* Activity *
What is needed is an exact reproduction of the listing, without its pictures.

* Dataset content *
BEGIN

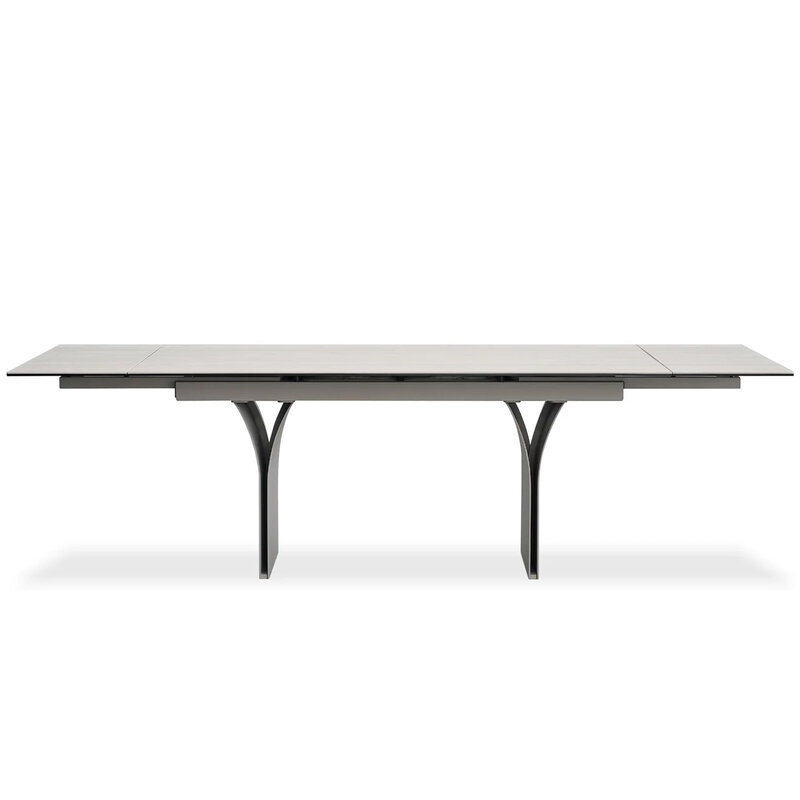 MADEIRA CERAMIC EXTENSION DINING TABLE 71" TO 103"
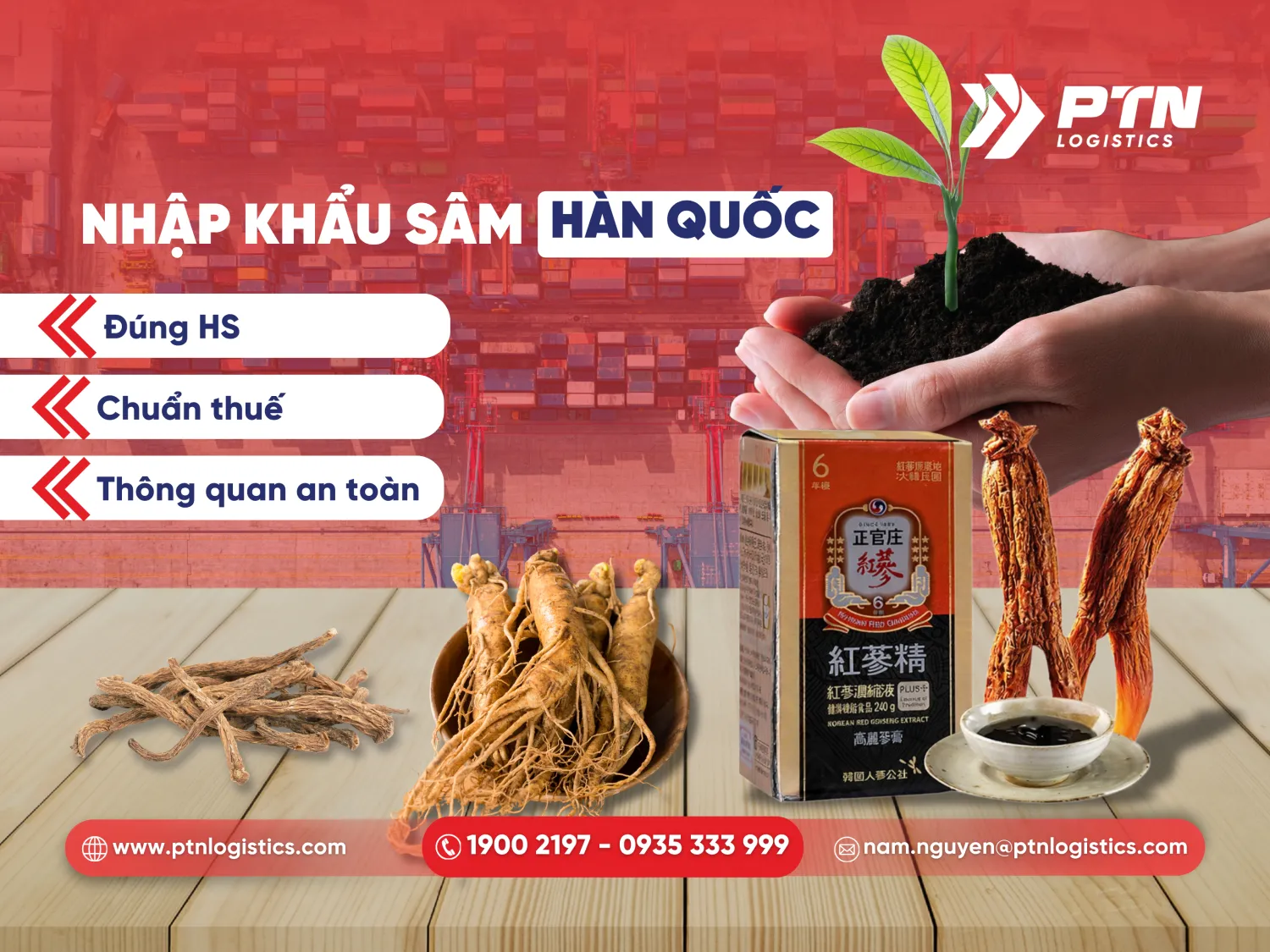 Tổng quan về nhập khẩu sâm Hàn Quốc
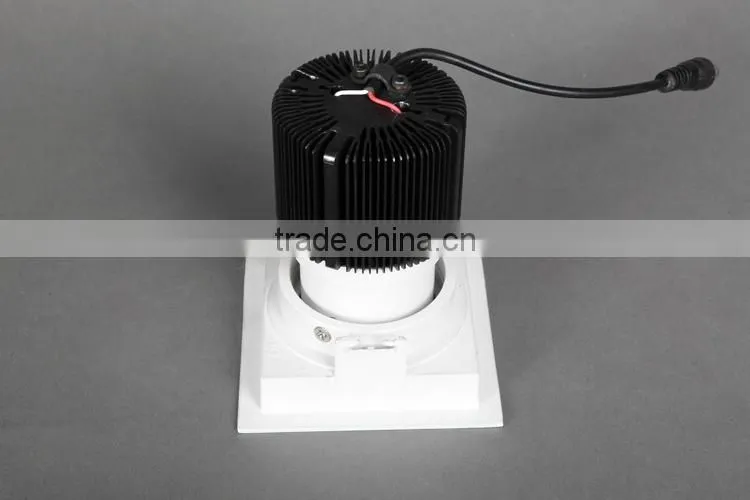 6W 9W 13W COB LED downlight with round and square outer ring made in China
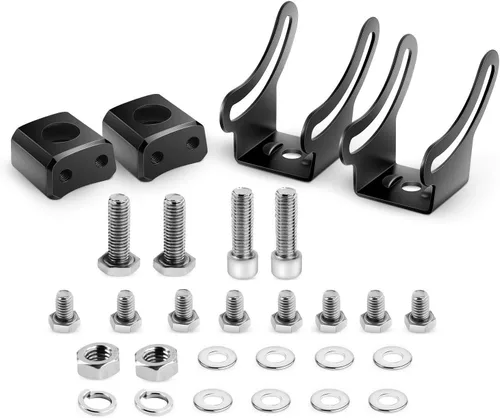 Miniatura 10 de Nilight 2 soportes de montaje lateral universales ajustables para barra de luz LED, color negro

END

* Written solution *
 MADEIRA CERAMIC EXTENSION DINING TABLE 71" TO 103"
 Tổng quan về nhập khẩu sâm Hàn Quốc
 6W 9W 13W COB LED downlight with round and square outer ring made in China
 Miniatura 10 de Nilight 2 soportes de montaje lateral universales ajustables para barra de luz LED, color negro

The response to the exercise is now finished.